_SOURCE MATERIAL_
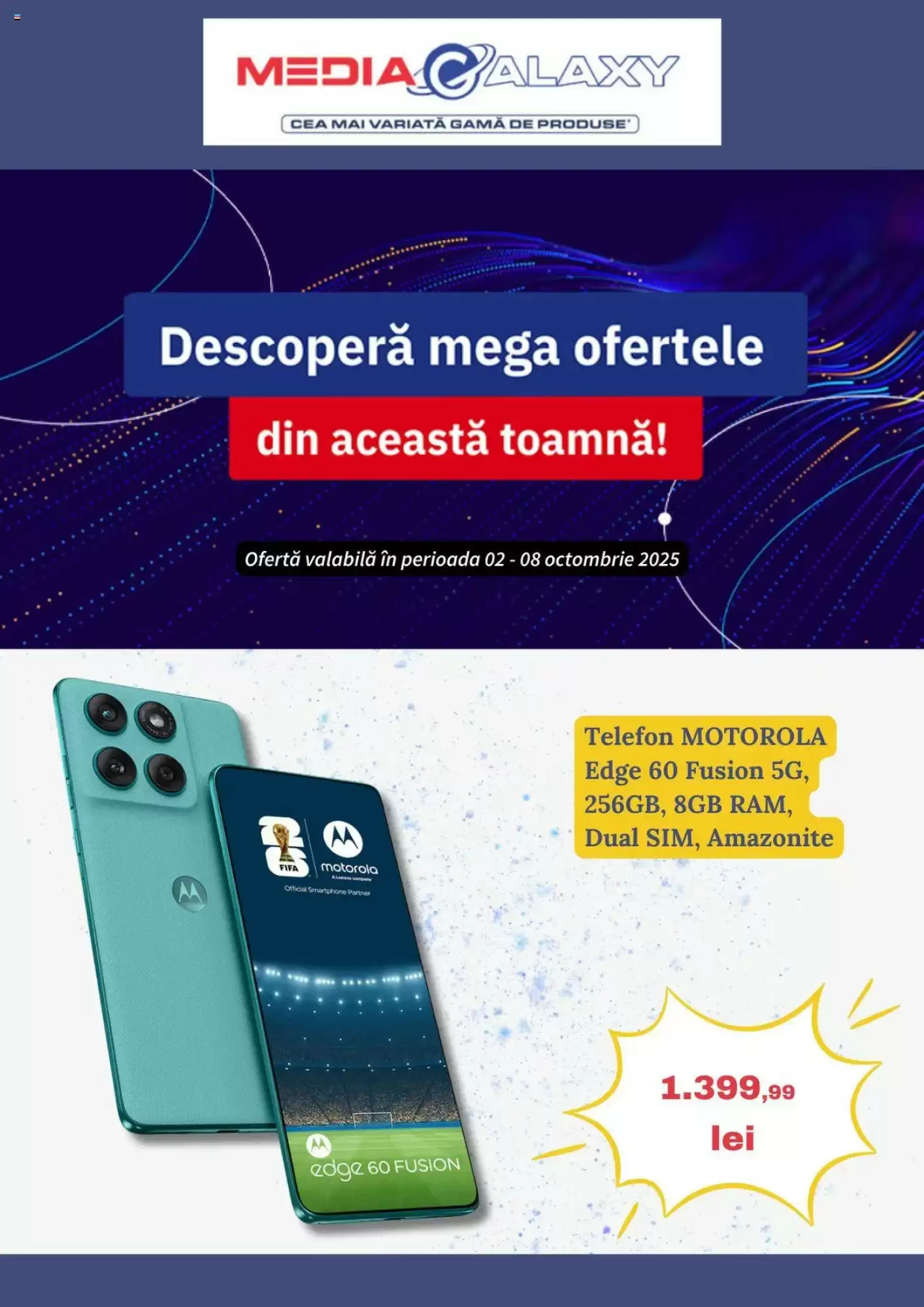 Media-Galaxy Catalog 02.10.2025 - 08.10.2025
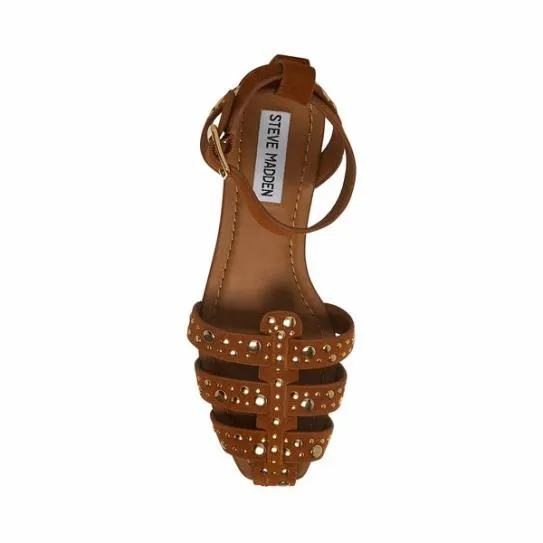 Women MEDIAS TAN SUEDE Tan Suede Steve Madden Sandals Women MEDIAS TAN SUEDE Tan Suede Steve Madden Sandals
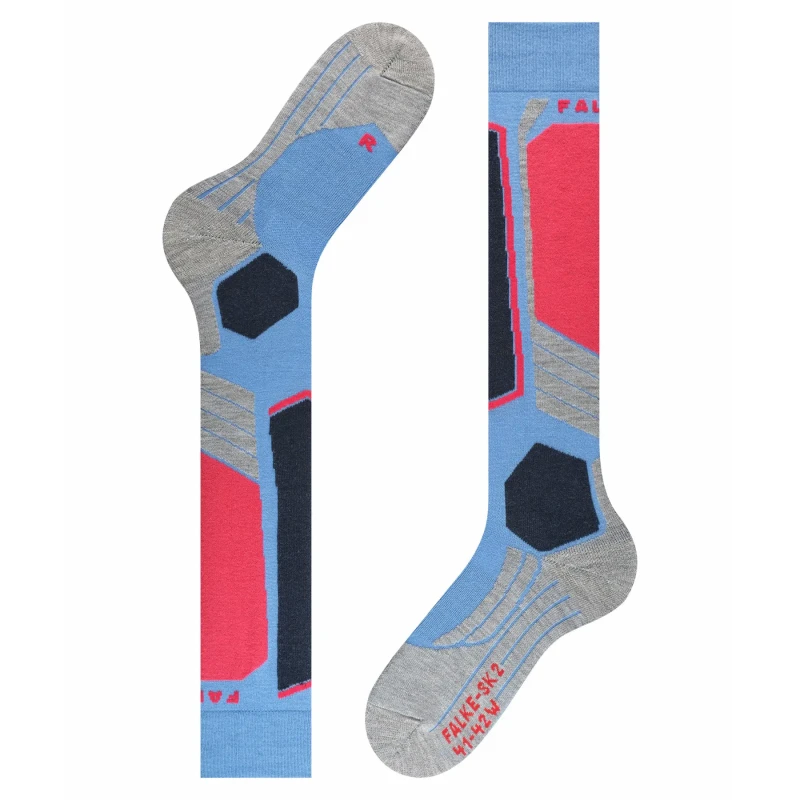Image of Falke Knee-high socks woman Falke SK2 Bleu Female 39/40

_WHAT TO WORK ON_
Repeat every line of the data exactly, but do not include pictures.

_OUTPUT OF THE TASK_
 Media-Galaxy Catalog 02.10.2025 - 08.10.2025
 Women MEDIAS TAN SUEDE Tan Suede Steve Madden Sandals Women MEDIAS TAN SUEDE Tan Suede Steve Madden Sandals
Image of Falke Knee-high socks woman Falke SK2 Bleu Female 39/40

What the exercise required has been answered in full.